◆ **Activity**
Quote from the first line below through the line that contains "Casa brutalista com", both included, and leave the pictures out.

◆ **Information provided**
##############################
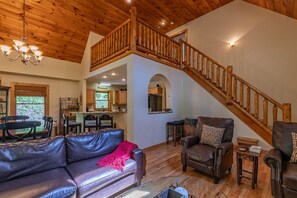 TV, fireplace, ping pong, books - Cabin Cove- Cabin between Sugar and Beech Mtns, hot tub, game tables, fire pit, yard, pets (Banner Elk)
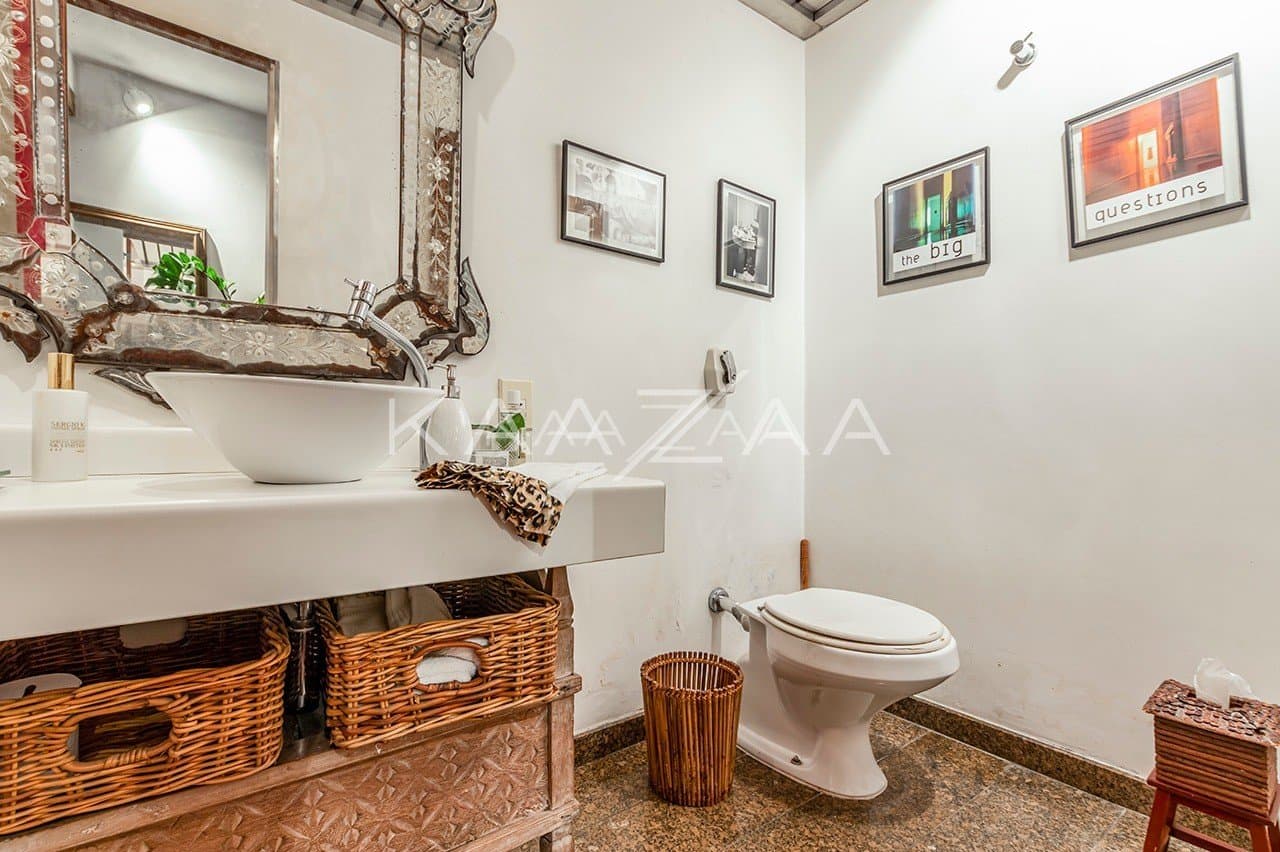 Casa brutalista com projeto arquitetônico singular e muito concreto no Jardim América. - Foto 13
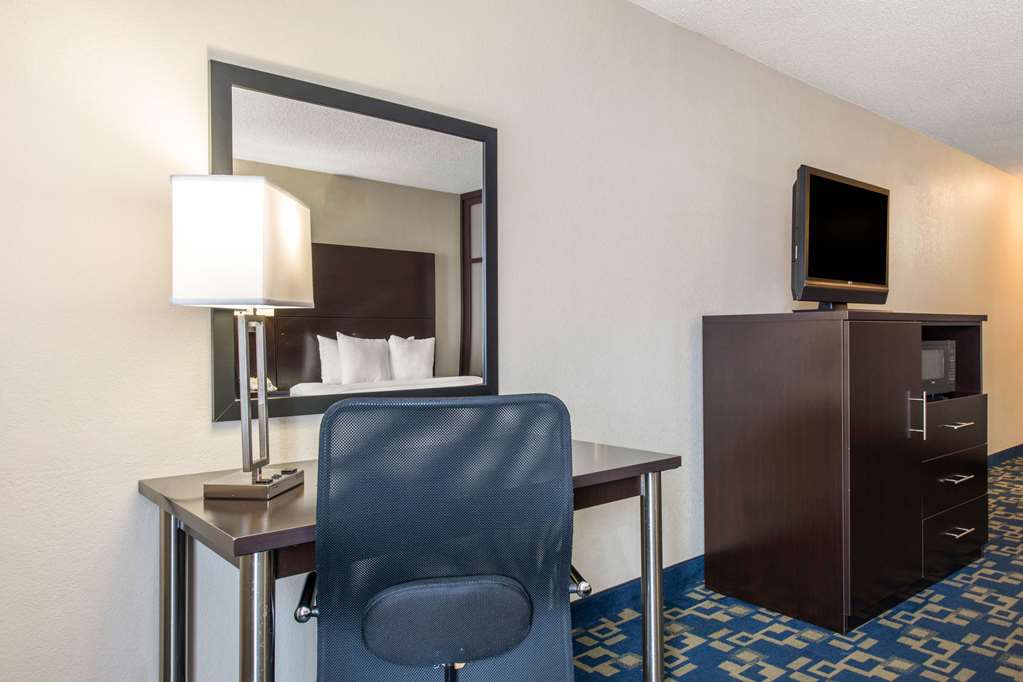 comfort inn and suites near universal orlando resort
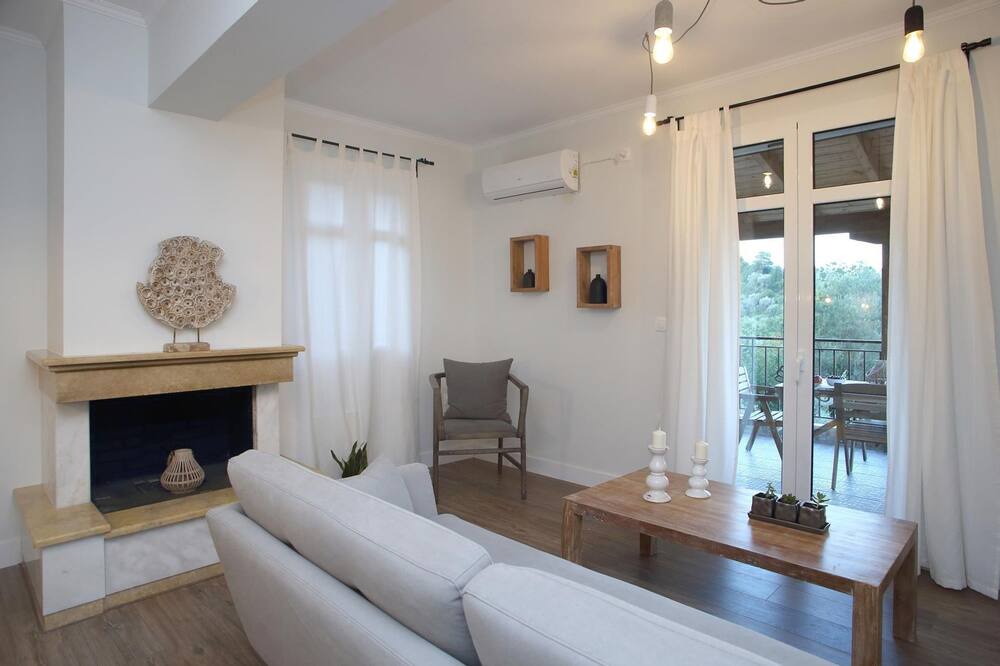 Photo of Livingroom in Asprogerakata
##############################
◆ **Finished exercise**
 TV, fireplace, ping pong, books - Cabin Cove- Cabin between Sugar and Beech Mtns, hot tub, game tables, fire pit, yard, pets (Banner Elk)
 Casa brutalista com projeto arquitetônico singular e muito concreto no Jardim América. - Foto 13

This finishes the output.